En France, enivrés par cette victoire populaire, certains se voient déjà à la tête d’une coalition hétéroclite allant jusqu’aux socialistes dits « frondeurs » en passant par les écologistes et le Front de Gauche. Ceux-là même qui hier encore étaient ministres de Hollande ou, aujourd’hui députés, votent ou laissent passer les mesures les plus rétrogrades, disent se reconnaître dans la victoire de l’alliance entre différents groupes et courants que constitue Syriza. Le retour de la « gauche plurielle » en quelque sorte. On connaît le résultat de la précédente : record de privatisations, déceptions pour le peuple et sa perte d’espoir dans le politique qui ont conduit au renforcement de l’extrême droite par défaut de perspective.

L’histoire du mouvement social nous apprend que s’il est arrivé que le peuple conquière des acquis par la lutte et ce, quelle que soit la composition politique au pouvoir, quitte à le renverser, l’inverse n’a jamais été vrai. Sans lutte les acquis sont repris…Par contre c’est toujours la combinaison des luttes et d’un gouvernement se déclarant progressiste qui a permis les plus grandes avancées.

La solution n’est pas dans les tractations d’appareils totalement coupés de la réalité économique et sociale de leur pays. D’autant que toute volonté de progrès social est en totale contradiction avec les obligations des Traités Européens ou du TAFTA au plan international.
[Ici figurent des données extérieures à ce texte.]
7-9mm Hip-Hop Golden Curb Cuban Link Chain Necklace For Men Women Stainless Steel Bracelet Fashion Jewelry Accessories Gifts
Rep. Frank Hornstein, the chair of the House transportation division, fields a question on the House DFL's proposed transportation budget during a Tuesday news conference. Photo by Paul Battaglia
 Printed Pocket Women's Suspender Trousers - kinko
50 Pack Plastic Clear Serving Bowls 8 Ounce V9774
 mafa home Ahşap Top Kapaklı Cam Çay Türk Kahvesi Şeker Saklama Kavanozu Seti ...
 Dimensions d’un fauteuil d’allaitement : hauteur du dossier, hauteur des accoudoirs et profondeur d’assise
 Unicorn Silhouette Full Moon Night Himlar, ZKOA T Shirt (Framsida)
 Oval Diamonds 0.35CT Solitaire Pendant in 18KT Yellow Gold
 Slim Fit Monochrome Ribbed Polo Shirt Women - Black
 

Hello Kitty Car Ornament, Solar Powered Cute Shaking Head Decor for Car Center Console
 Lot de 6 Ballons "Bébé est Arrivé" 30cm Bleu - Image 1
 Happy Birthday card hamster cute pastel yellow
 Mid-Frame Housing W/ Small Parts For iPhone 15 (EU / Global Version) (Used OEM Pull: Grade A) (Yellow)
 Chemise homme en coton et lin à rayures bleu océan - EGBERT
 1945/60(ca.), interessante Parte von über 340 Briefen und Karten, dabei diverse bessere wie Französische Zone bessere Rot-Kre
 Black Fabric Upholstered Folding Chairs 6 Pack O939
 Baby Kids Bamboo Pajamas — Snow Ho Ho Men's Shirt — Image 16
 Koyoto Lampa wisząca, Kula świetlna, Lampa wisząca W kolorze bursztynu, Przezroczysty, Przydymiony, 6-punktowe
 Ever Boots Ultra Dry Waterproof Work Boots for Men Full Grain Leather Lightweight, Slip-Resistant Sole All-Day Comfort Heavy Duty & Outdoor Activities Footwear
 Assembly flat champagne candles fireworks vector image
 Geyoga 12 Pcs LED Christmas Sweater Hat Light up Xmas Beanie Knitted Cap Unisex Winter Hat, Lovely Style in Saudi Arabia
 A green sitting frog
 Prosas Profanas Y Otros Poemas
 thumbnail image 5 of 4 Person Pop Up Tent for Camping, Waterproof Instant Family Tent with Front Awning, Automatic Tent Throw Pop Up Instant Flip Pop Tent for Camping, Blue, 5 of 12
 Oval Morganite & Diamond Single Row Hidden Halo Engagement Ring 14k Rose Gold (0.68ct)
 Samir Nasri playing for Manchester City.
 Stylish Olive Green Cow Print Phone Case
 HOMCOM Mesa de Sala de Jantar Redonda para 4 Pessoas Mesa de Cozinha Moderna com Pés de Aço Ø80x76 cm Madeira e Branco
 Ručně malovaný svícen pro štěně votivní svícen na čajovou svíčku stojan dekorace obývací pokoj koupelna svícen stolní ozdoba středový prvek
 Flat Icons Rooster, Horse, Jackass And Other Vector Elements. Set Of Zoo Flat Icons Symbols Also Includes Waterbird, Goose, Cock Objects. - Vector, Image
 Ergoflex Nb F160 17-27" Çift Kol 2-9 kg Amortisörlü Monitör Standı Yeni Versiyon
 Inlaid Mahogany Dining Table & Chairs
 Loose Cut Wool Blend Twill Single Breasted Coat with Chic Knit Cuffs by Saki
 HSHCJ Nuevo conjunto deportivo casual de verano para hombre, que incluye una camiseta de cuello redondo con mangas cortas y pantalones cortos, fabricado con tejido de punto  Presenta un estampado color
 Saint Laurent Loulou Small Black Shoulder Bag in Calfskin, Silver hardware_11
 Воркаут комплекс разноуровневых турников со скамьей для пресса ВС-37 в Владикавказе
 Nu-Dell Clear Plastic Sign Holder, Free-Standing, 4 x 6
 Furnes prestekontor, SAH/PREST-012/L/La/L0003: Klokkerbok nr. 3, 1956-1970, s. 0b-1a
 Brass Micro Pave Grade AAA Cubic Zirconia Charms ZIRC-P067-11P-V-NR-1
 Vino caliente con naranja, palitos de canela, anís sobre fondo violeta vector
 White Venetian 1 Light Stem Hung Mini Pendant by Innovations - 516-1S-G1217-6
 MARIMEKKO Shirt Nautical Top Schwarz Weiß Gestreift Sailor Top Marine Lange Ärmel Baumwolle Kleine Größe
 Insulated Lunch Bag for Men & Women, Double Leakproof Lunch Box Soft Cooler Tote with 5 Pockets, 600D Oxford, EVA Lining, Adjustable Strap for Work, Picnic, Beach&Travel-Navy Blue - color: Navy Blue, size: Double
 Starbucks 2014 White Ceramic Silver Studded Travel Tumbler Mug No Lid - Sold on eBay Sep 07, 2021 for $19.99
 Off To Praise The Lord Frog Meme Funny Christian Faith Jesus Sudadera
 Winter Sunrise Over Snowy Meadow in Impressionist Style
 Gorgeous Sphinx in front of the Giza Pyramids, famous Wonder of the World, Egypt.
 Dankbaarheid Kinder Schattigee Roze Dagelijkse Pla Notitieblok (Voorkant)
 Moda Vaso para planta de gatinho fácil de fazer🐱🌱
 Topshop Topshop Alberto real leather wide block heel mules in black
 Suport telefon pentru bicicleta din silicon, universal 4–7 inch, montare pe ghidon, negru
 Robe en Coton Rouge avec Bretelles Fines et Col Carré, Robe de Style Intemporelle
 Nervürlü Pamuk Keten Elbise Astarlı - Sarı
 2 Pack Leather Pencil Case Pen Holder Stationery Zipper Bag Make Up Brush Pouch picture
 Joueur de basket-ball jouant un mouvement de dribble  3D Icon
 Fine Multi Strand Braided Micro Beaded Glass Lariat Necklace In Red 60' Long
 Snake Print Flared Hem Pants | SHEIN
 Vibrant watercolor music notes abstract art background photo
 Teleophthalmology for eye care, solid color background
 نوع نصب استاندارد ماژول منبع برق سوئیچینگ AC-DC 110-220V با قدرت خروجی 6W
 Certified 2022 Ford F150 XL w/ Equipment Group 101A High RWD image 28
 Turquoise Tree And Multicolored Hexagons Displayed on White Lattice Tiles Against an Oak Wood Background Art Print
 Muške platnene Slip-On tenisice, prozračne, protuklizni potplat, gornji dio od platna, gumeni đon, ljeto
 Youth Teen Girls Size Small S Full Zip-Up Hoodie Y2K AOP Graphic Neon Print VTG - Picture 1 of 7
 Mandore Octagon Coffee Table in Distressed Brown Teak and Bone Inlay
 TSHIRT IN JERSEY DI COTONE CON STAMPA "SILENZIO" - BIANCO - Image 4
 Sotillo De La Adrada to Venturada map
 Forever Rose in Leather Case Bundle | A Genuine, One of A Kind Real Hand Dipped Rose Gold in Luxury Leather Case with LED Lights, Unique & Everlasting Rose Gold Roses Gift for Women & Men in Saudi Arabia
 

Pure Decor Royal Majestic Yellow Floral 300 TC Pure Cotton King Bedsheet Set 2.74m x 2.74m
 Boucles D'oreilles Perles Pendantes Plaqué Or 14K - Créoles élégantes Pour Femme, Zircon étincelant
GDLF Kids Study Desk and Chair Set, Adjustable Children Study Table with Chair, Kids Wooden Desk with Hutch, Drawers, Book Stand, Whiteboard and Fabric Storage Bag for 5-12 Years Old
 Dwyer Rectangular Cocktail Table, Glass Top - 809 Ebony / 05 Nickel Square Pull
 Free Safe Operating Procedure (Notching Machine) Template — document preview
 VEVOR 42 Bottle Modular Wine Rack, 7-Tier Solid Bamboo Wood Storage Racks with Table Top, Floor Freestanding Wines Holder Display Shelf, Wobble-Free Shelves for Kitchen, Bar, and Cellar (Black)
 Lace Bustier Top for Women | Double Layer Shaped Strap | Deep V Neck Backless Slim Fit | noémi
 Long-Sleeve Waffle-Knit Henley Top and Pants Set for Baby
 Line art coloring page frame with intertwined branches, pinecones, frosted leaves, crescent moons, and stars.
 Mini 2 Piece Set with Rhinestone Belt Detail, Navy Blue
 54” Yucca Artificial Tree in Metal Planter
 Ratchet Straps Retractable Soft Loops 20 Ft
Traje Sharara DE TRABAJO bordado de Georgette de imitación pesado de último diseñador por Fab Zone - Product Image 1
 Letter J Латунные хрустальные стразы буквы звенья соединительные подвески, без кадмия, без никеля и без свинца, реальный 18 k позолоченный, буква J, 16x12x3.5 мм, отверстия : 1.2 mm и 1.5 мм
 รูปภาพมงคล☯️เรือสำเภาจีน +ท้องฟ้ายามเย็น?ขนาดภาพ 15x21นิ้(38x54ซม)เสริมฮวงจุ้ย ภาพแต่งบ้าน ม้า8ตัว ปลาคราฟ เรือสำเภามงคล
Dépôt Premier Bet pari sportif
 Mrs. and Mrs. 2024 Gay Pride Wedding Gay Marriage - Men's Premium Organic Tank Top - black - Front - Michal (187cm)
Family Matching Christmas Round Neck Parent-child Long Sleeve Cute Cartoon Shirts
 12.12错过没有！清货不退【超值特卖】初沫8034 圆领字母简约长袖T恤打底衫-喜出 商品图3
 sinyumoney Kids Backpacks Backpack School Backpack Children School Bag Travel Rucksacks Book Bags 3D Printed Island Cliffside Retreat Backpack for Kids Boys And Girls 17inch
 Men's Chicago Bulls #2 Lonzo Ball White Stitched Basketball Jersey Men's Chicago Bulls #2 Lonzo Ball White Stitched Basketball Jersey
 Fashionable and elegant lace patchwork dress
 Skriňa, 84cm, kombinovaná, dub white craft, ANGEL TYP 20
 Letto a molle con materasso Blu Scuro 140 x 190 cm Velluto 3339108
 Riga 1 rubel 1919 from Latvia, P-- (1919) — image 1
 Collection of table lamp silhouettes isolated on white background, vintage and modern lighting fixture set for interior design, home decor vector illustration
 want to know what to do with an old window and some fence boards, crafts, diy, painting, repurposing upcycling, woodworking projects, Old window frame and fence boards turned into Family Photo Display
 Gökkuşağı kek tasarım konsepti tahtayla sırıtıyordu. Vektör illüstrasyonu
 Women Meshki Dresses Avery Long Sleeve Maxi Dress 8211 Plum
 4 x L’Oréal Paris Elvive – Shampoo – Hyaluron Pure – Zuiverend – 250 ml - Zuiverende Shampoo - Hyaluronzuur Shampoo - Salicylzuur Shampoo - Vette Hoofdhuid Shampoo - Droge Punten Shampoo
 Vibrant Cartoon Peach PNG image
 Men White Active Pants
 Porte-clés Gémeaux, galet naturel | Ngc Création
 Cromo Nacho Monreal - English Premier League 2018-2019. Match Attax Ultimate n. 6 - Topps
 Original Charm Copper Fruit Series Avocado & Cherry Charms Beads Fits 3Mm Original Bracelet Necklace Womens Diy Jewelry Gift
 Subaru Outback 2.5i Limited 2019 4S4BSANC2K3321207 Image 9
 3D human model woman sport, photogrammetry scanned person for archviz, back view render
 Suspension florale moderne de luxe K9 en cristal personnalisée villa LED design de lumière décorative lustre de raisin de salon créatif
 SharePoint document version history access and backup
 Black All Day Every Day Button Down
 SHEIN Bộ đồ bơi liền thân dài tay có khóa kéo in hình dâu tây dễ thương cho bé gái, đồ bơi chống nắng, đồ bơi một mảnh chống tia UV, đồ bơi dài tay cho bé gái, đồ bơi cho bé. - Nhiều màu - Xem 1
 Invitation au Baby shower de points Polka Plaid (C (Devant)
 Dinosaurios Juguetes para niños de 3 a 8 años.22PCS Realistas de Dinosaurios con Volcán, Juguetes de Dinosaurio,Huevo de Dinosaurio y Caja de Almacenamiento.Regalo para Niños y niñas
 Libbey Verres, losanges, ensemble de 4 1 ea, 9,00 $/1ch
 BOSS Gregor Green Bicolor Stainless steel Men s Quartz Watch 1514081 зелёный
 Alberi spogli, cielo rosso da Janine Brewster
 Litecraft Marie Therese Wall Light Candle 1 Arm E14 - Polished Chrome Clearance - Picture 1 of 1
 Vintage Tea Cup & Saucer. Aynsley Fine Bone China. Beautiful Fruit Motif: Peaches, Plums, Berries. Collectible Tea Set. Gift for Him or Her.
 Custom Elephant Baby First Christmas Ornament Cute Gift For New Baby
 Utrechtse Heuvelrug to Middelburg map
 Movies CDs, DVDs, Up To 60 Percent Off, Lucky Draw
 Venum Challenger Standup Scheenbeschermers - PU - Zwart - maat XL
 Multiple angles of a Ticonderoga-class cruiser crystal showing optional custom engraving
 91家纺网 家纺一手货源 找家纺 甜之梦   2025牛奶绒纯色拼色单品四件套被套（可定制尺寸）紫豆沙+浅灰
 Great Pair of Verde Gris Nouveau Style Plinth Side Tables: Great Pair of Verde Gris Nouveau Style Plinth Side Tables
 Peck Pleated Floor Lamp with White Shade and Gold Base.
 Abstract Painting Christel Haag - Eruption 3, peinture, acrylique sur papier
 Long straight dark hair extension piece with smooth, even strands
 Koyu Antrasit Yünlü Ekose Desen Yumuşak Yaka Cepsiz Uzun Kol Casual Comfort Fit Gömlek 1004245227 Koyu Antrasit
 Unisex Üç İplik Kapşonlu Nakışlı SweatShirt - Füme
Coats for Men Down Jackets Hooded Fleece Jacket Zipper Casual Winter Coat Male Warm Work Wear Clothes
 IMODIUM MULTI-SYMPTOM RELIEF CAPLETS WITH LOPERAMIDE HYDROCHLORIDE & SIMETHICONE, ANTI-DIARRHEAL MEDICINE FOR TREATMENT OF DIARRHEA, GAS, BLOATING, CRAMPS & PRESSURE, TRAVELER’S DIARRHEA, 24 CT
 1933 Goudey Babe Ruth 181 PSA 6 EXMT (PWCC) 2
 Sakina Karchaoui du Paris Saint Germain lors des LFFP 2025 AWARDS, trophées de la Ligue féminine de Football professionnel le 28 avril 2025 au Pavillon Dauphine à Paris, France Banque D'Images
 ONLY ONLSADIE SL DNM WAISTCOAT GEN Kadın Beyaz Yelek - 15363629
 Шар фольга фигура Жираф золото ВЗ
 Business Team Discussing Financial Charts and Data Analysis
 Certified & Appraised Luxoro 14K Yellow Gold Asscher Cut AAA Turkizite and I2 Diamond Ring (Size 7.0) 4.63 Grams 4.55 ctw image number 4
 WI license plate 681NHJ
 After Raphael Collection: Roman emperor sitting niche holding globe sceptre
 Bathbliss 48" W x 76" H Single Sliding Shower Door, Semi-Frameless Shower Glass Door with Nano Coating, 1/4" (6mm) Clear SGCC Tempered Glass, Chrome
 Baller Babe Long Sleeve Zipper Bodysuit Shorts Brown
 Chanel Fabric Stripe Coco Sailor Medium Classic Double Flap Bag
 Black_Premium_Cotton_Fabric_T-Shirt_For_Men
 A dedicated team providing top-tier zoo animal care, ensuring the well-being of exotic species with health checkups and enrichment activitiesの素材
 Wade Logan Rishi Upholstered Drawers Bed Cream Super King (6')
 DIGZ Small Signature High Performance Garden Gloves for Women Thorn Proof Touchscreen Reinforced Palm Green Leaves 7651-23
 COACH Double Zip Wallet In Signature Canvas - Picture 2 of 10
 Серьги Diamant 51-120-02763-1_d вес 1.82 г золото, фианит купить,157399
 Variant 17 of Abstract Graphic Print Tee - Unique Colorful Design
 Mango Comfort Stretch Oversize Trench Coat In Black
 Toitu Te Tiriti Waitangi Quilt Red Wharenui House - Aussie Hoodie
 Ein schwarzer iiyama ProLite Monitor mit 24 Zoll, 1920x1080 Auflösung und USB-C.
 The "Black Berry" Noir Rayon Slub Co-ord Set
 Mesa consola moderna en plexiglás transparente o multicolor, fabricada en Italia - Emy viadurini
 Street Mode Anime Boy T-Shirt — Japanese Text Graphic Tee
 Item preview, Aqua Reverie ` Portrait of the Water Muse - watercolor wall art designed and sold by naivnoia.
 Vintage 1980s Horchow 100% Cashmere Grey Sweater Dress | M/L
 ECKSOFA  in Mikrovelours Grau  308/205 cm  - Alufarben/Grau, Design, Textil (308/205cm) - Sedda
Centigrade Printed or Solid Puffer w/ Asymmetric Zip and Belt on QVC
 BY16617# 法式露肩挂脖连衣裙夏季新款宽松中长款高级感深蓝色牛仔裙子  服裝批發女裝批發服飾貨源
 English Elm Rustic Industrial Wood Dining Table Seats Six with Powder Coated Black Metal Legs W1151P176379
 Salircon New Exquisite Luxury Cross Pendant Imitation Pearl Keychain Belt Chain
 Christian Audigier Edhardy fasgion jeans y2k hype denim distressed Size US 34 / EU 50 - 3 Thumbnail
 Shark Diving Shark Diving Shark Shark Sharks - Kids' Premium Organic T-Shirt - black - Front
Comme Dimitris Koutsoubas nous restons persuadés que rien d’important pour le bien être du plus grand nombre ne peut se faire sans la pression populaire, sans une prise en compte des besoins réels des gens et sans un parti révolutionnaire qui aide aux luttes et à la transformation sociale.

C’est ce qui nous anime à travers notre appel [re]construire.

Alors ?

On passe sous la table ou on la renverse ?

Rouge-Midi


[1Un peu moins chez nous à cause des derniers évènements sanglants encore que l’on peut s’interroger malgré tout sur la place prise ces derniers jours par ces élections dans les médias, significative selon nous de la peur de la grande bourgeoisie de tout ce qui peut mettre un tant soit peu en cause l’ordre établi.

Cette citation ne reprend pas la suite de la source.